How do you request a Discovery interview with a customer with whom you've already been having good meetings?
Consider this special case when requesting a Discovery interview: You've already been having productive discussions recently in which the customer described their needs to you. Won’t it seem “odd” that you’re now asking for a Discovery interview? After all, weren’t you paying attention at these earlier meetings?
Here’s how to handle this: Gather those in your company that have been listening to this customer and conduct an internal Discovery interview. Start a new Discovery Noteboard and record all the customer outcomes you’ve been hearing on sticky notes. You are essentially "pre-loading" the Discovery interview you hope to have with them... with what you heard earlier.
When you request the Discovery interview, say you want to review with them what you’ve been hearing to make sure you’ve got it right. You can let them know you have some questions about what you heard earlier, and that this next meeting will also help you organize your thoughts more effectively.

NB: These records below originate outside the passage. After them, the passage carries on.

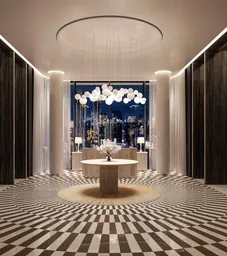 Vela Viento in Business Bay: concierge service — image 6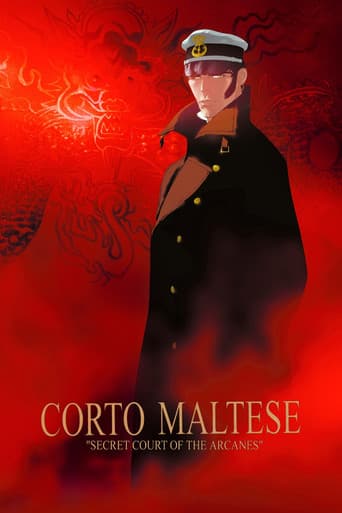 Corto Maltese: The Secret Court of the Arcane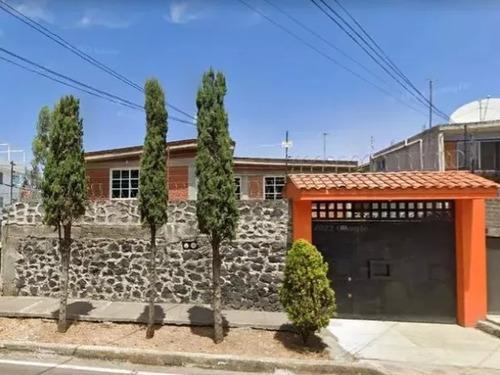 ¡oportunidad Remate Bancario! Preciosa Casa En Pedregal De San Nicolás  Tlalpan, Ciudad De México!!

Then during the Discovery interview, do the following:
- Show them your filled-in sticky notes and ask some clarification questions on some. Make sure you have some questions--even if you think you have the answers--because this is a great "warm-up" to the rest of the interview. (You can probably skip the Current State section, as this accomplishes the same “warm-up.”)
- Say, “Next, what else haven’t we talked about yet? For instance, any other problems?” And add more outcomes on sticky notes. At this point, you are conducting a typical Discovery interview, and can move from Problems to Ideal State and Triggered Ideas.
- Ask them for their Top Picks and develop Outcome Statements. You can explain that this interview was very helpful to you because the earlier meetings didn't help you focus on their favorite ideas, nor did it provide the clarity you just got with Outcome Statements.
- This is a good time to schedule a Preference interview. Tell them you'd like more help a) prioritizing their outcomes, and b) understanding how they measure satisfaction these outcomes.